Şefaatçinin adı Lât, Menât, Uzlâ, Hubel olunca şirk oluyor.  Hz. Muhammed olunca, ehl-i sünnet inancı oluyor. Yalnız Hz. Muhammet’le de bitmiyor. Gavs, kutup, şeyh, evliya, hafız, şehitler, ölmüş bebekler vb. çoğaltmak mümkün. Bu kişilerin, Muhammed’i öne sürmelerinin sebebi, kendilerine kapı aralamalarındandır. Nebî Muhammed’in şefaatine inandıracak ki, kendileri de peşinden gidebilsin. Hübel olmuş, Nebî olmuş, Şeyh olmuş fark etmiyor. İsimler değişse de, mantık aynı…
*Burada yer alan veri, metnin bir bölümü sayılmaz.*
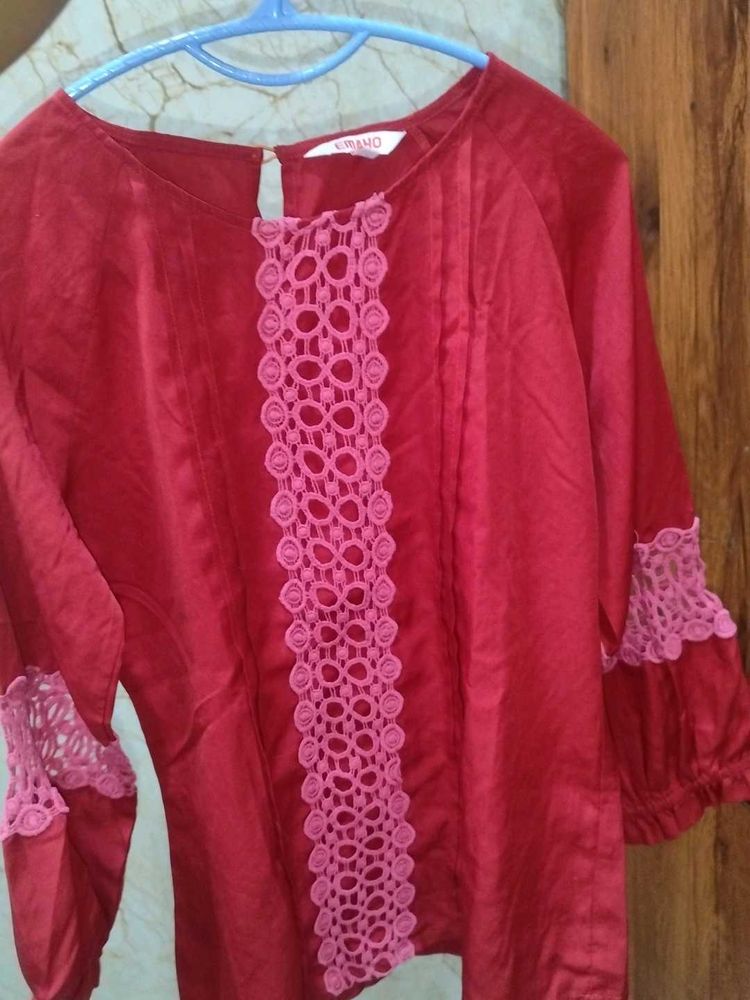 Stunning Red Ethnic top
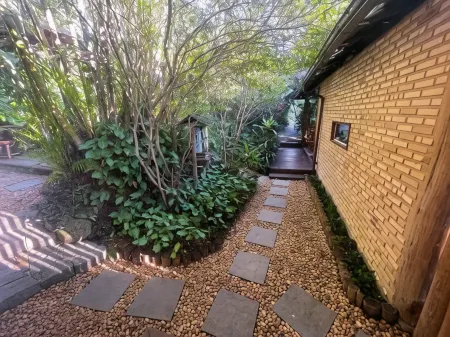 Pousada Albatroz Отели рядом с достопримечательностью «Лопес Мендес Бич»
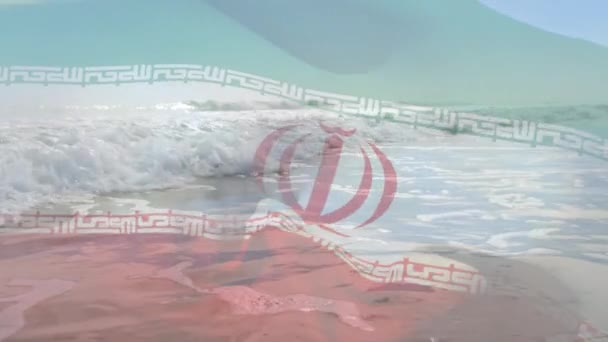 日当たりの良い海に手を振るイランの旗のアニメーション 愛国心夏休みのコンセプトをデジタルで生成し — ストック動画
            “Kur’an, inmeye başladığı ilk yıllardan itibaren, şirkle kavga halinde olmuştur. Kur’an refakatçiliği, şirk olarak ele almıştır. Mekkeli müşrikler, Allah’a inancı olan insanlardı. Onlar, Allah’a ortak koşarak inanırlardı…  Kur’an’da, birilerinin şefaatiyle ilgili ayet yoktur. Şefaatle ilgili 26 ayetin 22 sinin, Mekke de nazil olması da manidardır. O dönemde Mekke’de Kâbe’nin içi putlarla doluydu. Kur’an bu ayetlerle şefaati kaldırmayı amaçlamıştır.

Şuara Suresi 100 -101. Ayet;
“Artık bizim için ne bir şefaatçi var,” “Ne de candan-yakın bir dost.”

            Bizler de sünnet namazı kılarak, Hz. Muhammed’in şefaatinden beklentiye giriyoruz. Allah’tan başkası için ibadet edilmez! Farz namazı dışı namaz kılacaksak, Nebî Muhammed’in niyet ettiği gibi (Allah rızası için diye) niyet etmeliyiz. Sünnet niyetiyle, namaz kılınmaz…

             Kimsenin Allah’ın yanında, şefaatçi olması için yetkisi yoktur. Allah’ın tek şefaatçi olması müşrikleri huzursuz yapmaktadır.

Zümer Suresi 43, 44, 45. Ayet;
Yoksa Allah'tan başka şefaat ediciler mi edindiler? De ki: 'Ya onlar, hiç bir şeye malik değillerse ve akıl da erdiremiyorlarsa?'
De ki: 'Şefaatin tümü Allah'ındır. Göklerin ve yerin mülkü O'nun dur. Sonra O'na döndürüleceksiniz.'
Sadece Allah anıldığı zaman, ahirete inanmayanların kalbi öfkeyle kabarır. Oysa O'ndan başkaları anıldığında hemen sevince kapılırlar.

            Mekkeli müşriklerden bizim ne farkımız var? Hz. Muhammed kaderciliği ve şefaati kaldırmak için gelmesine rağmen, ölümünden altmış yıl sonra eskiye dönüş başlamıştır.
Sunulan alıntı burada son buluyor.